- _Input material_

------------------------

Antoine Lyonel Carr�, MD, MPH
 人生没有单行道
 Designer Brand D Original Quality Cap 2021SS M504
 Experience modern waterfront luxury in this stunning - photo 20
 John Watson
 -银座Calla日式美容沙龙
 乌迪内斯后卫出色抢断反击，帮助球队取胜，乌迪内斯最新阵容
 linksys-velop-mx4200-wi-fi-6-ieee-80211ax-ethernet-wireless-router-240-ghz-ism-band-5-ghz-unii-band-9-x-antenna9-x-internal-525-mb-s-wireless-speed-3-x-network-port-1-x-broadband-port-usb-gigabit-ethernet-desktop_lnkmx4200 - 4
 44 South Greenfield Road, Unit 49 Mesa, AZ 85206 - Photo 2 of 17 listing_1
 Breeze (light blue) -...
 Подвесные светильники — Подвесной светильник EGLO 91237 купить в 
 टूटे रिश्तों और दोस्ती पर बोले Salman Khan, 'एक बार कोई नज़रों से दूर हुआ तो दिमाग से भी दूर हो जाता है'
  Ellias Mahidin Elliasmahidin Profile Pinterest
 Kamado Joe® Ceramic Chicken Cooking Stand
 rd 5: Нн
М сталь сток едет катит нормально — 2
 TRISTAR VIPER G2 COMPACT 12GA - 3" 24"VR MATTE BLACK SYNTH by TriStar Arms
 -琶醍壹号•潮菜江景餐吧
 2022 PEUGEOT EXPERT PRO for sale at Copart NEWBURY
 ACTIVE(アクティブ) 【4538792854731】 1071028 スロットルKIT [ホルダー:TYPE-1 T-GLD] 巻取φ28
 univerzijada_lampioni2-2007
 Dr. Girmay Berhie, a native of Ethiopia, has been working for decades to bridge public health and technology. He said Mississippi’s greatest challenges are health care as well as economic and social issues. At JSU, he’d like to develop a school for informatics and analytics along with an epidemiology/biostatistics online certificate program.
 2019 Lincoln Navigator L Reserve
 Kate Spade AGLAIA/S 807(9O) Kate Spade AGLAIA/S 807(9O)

------------------------

- _Exercise goal_
Output the full listing. Match it exactly.

- _The completed task_
Antoine Lyonel Carr�, MD, MPH
 人生没有单行道
 Designer Brand D Original Quality Cap 2021SS M504
 Experience modern waterfront luxury in this stunning - photo 20
 John Watson
 -银座Calla日式美容沙龙
 乌迪内斯后卫出色抢断反击，帮助球队取胜，乌迪内斯最新阵容
 linksys-velop-mx4200-wi-fi-6-ieee-80211ax-ethernet-wireless-router-240-ghz-ism-band-5-ghz-unii-band-9-x-antenna9-x-internal-525-mb-s-wireless-speed-3-x-network-port-1-x-broadband-port-usb-gigabit-ethernet-desktop_lnkmx4200 - 4
 44 South Greenfield Road, Unit 49 Mesa, AZ 85206 - Photo 2 of 17 listing_1
 Breeze (light blue) -...
 Подвесные светильники — Подвесной светильник EGLO 91237 купить в 
 टूटे रिश्तों और दोस्ती पर बोले Salman Khan, 'एक बार कोई नज़रों से दूर हुआ तो दिमाग से भी दूर हो जाता है'
  Ellias Mahidin Elliasmahidin Profile Pinterest
 Kamado Joe® Ceramic Chicken Cooking Stand
 rd 5: Нн
М сталь сток едет катит нормально — 2
 TRISTAR VIPER G2 COMPACT 12GA - 3" 24"VR MATTE BLACK SYNTH by TriStar Arms
 -琶醍壹号•潮菜江景餐吧
 2022 PEUGEOT EXPERT PRO for sale at Copart NEWBURY
 ACTIVE(アクティブ) 【4538792854731】 1071028 スロットルKIT [ホルダー:TYPE-1 T-GLD] 巻取φ28
 univerzijada_lampioni2-2007
 Dr. Girmay Berhie, a native of Ethiopia, has been working for decades to bridge public health and technology. He said Mississippi’s greatest challenges are health care as well as economic and social issues. At JSU, he’d like to develop a school for informatics and analytics along with an epidemiology/biostatistics online certificate program.
 2019 Lincoln Navigator L Reserve
 Kate Spade AGLAIA/S 807(9O) Kate Spade AGLAIA/S 807(9O)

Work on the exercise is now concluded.